Loop vectorization with the loop containing bitcast

Hi ,

The following loop fails to be vectorized since the load c[i] is casted as i64 and the store c[i] is double. The loop access analysis gives up since they are in different types.

Since these two memory operations are in the same size, I believe the loop access analysis should return forward dependence and thus the loop can be vectorized.

Any comments?

Thanks,

Jin

#define N 1000

double a[N], b[N],c[N];

void foo() {

for (int i=0;i<N;i++) {

b[i] =c[i];

c[i]=0.0;

}

}

for.body: ; preds = %for.body, %entry

%indvars.iv = phi i64 [ 0, %entry ], [ %indvars.iv.next, %for.body ]

%arrayidx = getelementptr inbounds [1000 x double], [1000 x double]* @c, i64 0, i64 %indvars.iv

%0 = bitcast double* %arrayidx to i64*

%1 = load i64, i64* %0, align 8, !tbaa !1

%arrayidx2 = getelementptr inbounds [1000 x double], [1000 x double]* @b, i64 0, i64 %indvars.iv

%2 = bitcast double* %arrayidx2 to i64*

store i64 %1, i64* %2, align 8, !tbaa !1

store double 0.000000e+00, double* %arrayidx, align 8, !tbaa !1

%indvars.iv.next = add nuw nsw i64 %indvars.iv, 1

%exitcond = icmp eq i64 %indvars.iv.next, 1000

br i1 %exitcond, label %for.cond.cleanup, label %for.body

LAA: Found a loop in foo: loop.17

LAA: Processing memory accesses…

AST: Alias Set Tracker: 2 alias sets for 3 pointer values.

AliasSet[0x9508b80, 1] must alias, No access Pointers: (<4 x i64>* %1, 18446744073709551615)

AliasSet[0x95f8a70, 2] must alias, No access Pointers: (<4 x double>* %2, 18446744073709551615), (<4 x i64>* %0, 18446744073709551615)

LAA: Accesses(3):

%1 = bitcast double* %arrayIdx11 to <4 x i64>* (write)

%2 = bitcast double* %arrayIdx to <4 x double>* (write)

%0 = bitcast double* %arrayIdx to <4 x i64>* (read-only)

Underlying objects for pointer %1 = bitcast double* %arrayIdx11 to <4 x i64>*

@b = common local_unnamed_addr global [1000 x double] zeroinitializer, align 16

Underlying objects for pointer %2 = bitcast double* %arrayIdx to <4 x double>*

@c = common local_unnamed_addr global [1000 x double] zeroinitializer, align 16

Underlying objects for pointer %0 = bitcast double* %arrayIdx to <4 x i64>*

@c = common local_unnamed_addr global [1000 x double] zeroinitializer, align 16

LAA: Found a runtime check ptr: %1 = bitcast double* %arrayIdx11 to <4 x i64>*

LAA: Found a runtime check ptr: %2 = bitcast double* %arrayIdx to <4 x double>*

LAA: Found a runtime check ptr: %0 = bitcast double* %arrayIdx to <4 x i64>*

LAA: We need to do 0 pointer comparisons.

LAA: We can perform a memory runtime check if needed.

LAA: Checking memory dependencies

LAA: Src Scev: {@c,+,32}<%loop.17>Sink Scev: {@c,+,32}<%loop.17>(Induction step: 1)

LAA: Distance for %gepload = load <4 x i64>, <4 x i64>* %0, align 16, !tbaa !1 to store <4 x double> zeroinitializer, <4 x double>* %2, align 16, !tbaa !1: 0

LAA: Zero dependence difference but different types

Total Dependences: 1

LAA: unsafe dependent memory operations in loop

Hi Jin,

I agree, this looks wrong.
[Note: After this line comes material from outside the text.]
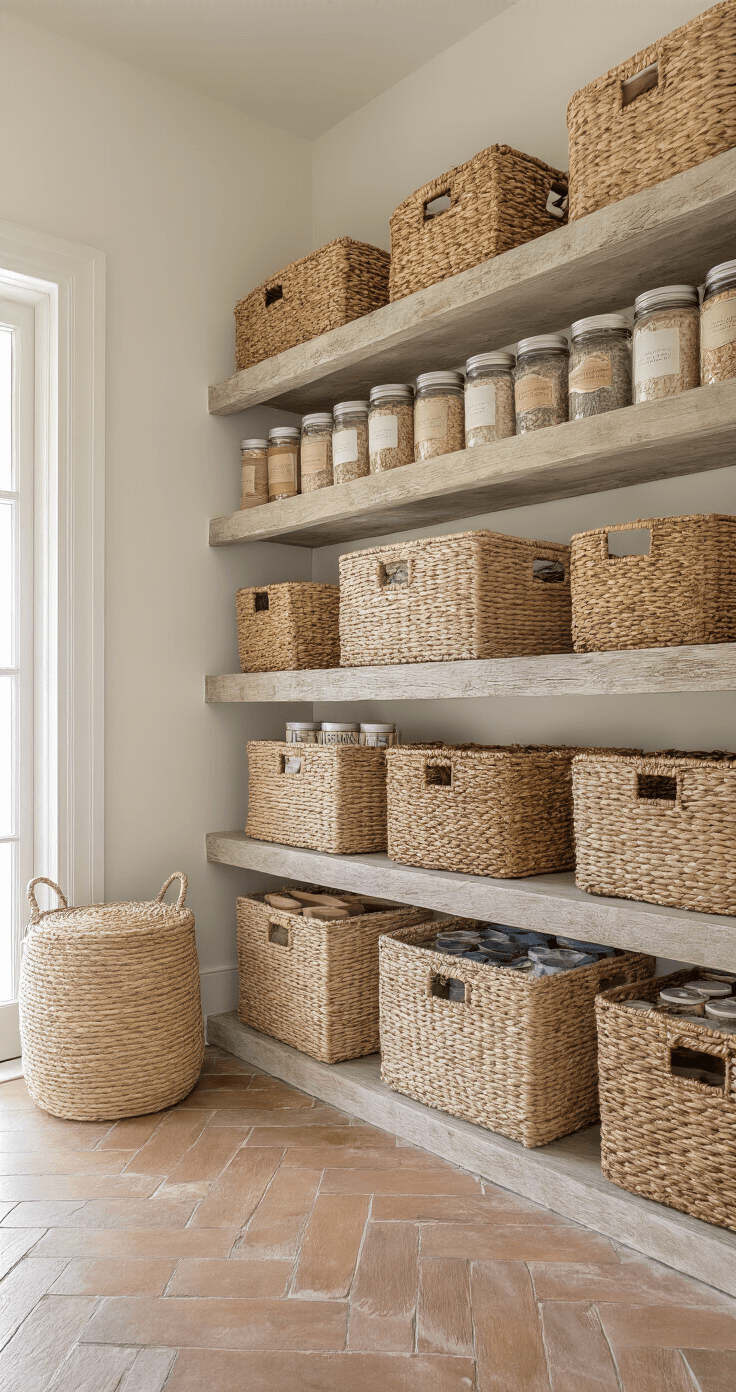 Cozy pantry nook featuring herringbone brick flooring and frosted glass door, showcasing an arrangement of seagrass, water hyacinth, and rattan baskets on distressed wooden shelves, filled with neutral-packaged pantry staples, captured in a low angle to highlight texture and earthy tones.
The bitcasts are fallout from r226781 - and we should be able to look through them if the size is the same.Can you please file a PR?

Thanks,
Michael

Hi Michael,

Many thanks for your quick response. The PR 29021 has been filed to address this issue.

Jin

Oh, sorry, I didn’t realize you already have a patch for this.

Can you submit it for review using the regular process? See http://llvm.org/docs/Phabricator.html for details.
Note that you’ll need a test included in the patch.

Thanks,
Michael